Implementation Details

As with ListIndex, list items are stored with 8-byte keys. However, ProofListIndex also persists all intermediate nodes of the Merkle tree built on top of the list, in order to quickly build proofs and recalculate the Merkle tree after operations on the list.

ProofMapIndex

Tip

See Merkelized Map for more technical details on ProofMapIndex and related proofs.

ProofMapIndex is a merkelized version of a map based on a binary Merkle Patricia tree. It implements the same methods as MapIndex. It is also able to create proofs of existence for its key-value pairs, or proofs of absence if a key is absent in the map. The following additional procedures are supported:

  • Get the value of the root node
  • Build a proof for the requested key. The tree proves either key existence (and its value), or key absence.

ProofEntry

ProofEntry is a merkelized version of Entry. It has the same functionality as its ordinary counterpart.

Low-level Storage

MerkleDB uses a third-party database engine to persist blockchain state locally. Currently the main database engine is RocksDB. It is also possible to plug in other engines.
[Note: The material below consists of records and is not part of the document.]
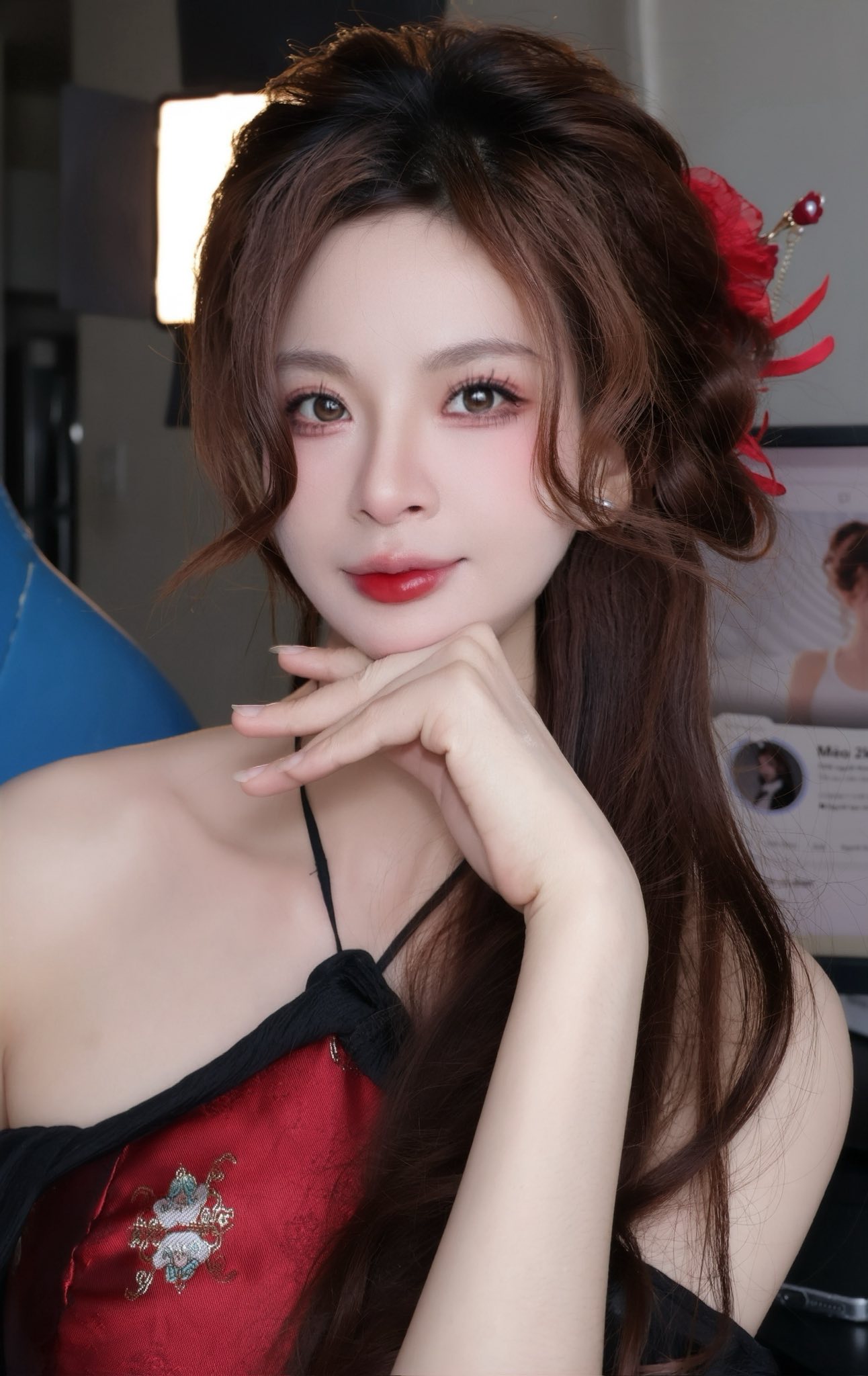 Mèo 2k4 trổ tài cosplay, nhảy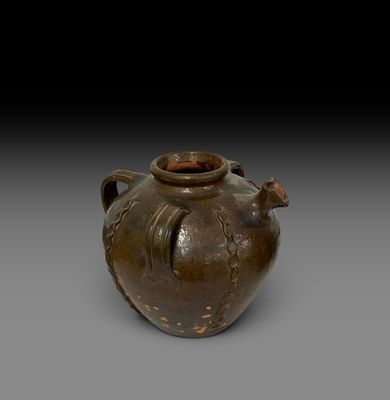 l'image d'un vase brun posé sur une table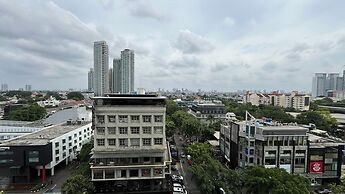 Spacious and Comfy Big Studio Apartment at Kemang Mansion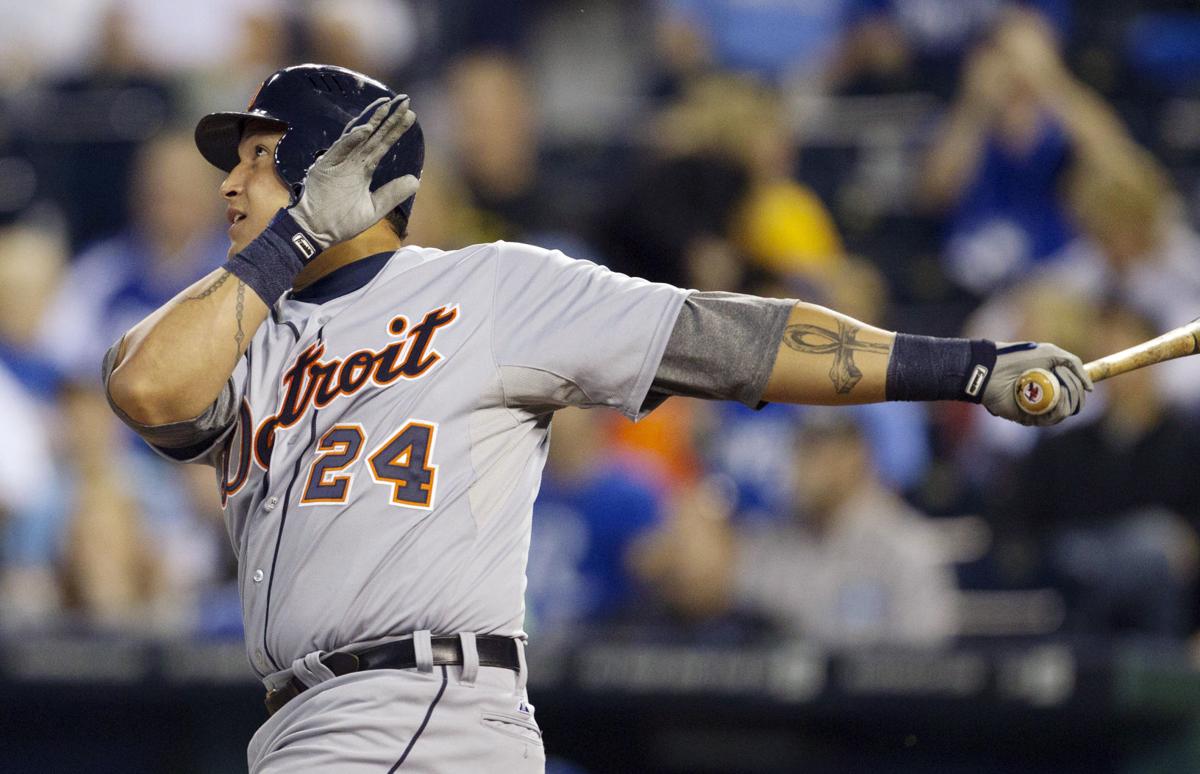 Miguel Cabrera gets Triple Crown trophy from MLB (Pictures)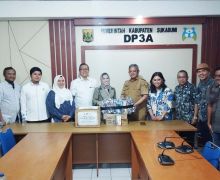 Tim Pansus DPRD Kota Bogor Gerak Cepat Salurkan Bantuan di Sukabumi - JPNN.com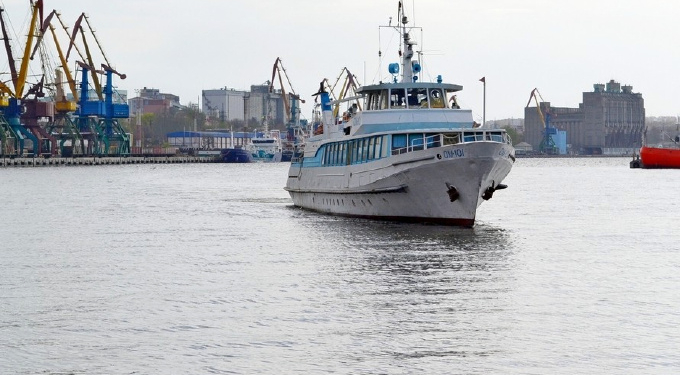 Из Николаева в Малую Корениху – на катере. За 6 грн. 50 коп.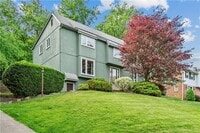 Building Photo - 4-Bedroom Home with 2 Full + 2 Half Baths ...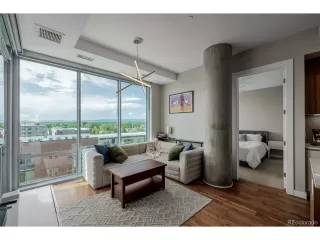 Photo #2: 6691503 Listing 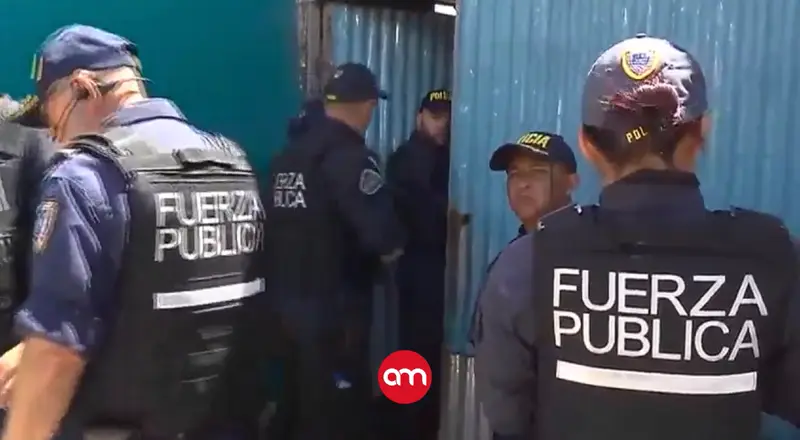 (Fotos) Niña de 9 años hallada sola en un búnker durante operativo policial en Cartago
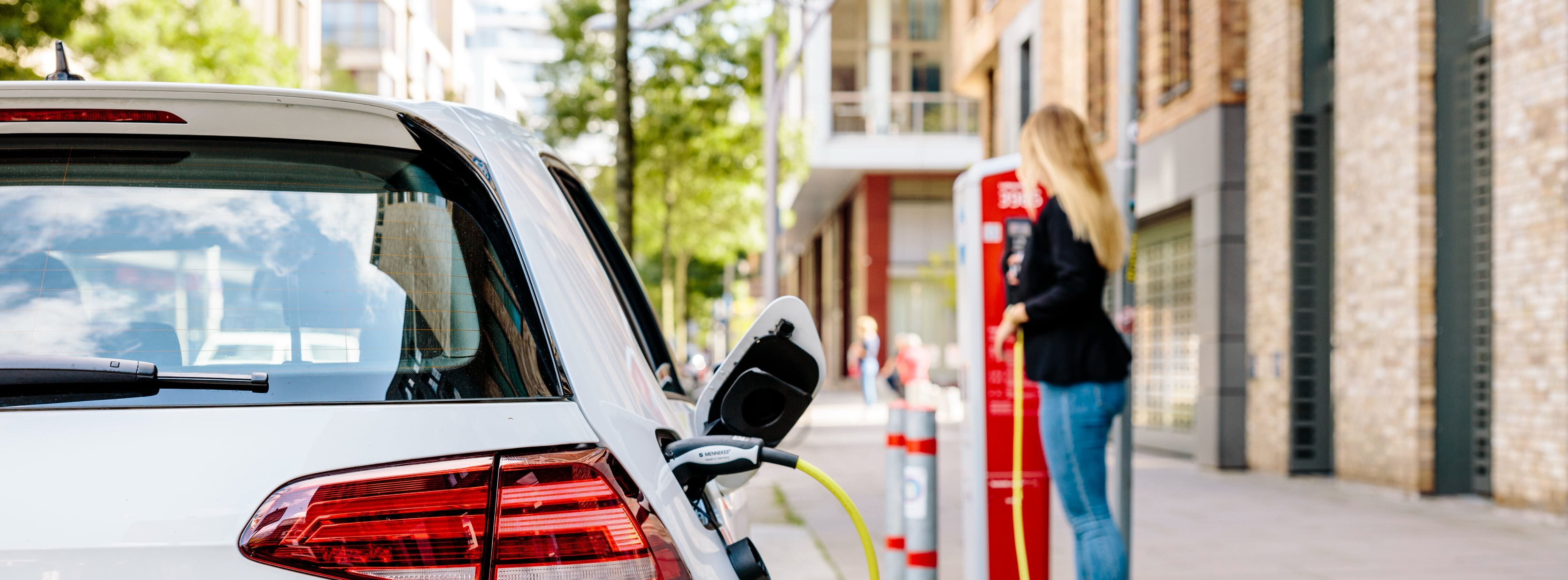 Energie & Management > Mobilität - Hamburg sieht sich beim Ausbau öffentlicher Ladepunkte an der Spitze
To use a particular database, a minimal Database interface should be implemented for it:

  • Get a value by a column family name and a key
  • Put a new value at the specified column family / key (insert or update the saved one)
  • Delete a key-value pair by a column family name / key.

All the index functionality is reduced to these atomic call types. Values of items of different indexes may be stored in a single column family in the low-level storage. Their keys are mapped to the low-level storage keys in a deterministic manner using index addresses.

Index Addresses

On user level every index is uniquely identified by its full address. An index address consists of 2 parts:

  • String name that may contain uppercase and lowercase Latin letters, digits, underscores _, hyphens - and periods .. Index names in services start with the service name and a period. For example, the only index in the Cryptocurrency Tutorial is named cryptocurrency.wallets, where cryptocurrency is the service name, and wallets is the own name of the index
  • Optional prefix presented as a sequence of bytes (Vec<u8> in Rust terms). Prefixes allow to group logically related indexes.

Index Groups

Index groups – indexes with the same string name but different address prefixes – can be used to store collections keyed by an identifier. For example, a group of list indexes may be used to store transaction histories for wallets; in this case, an identifier could be the public key of the wallet.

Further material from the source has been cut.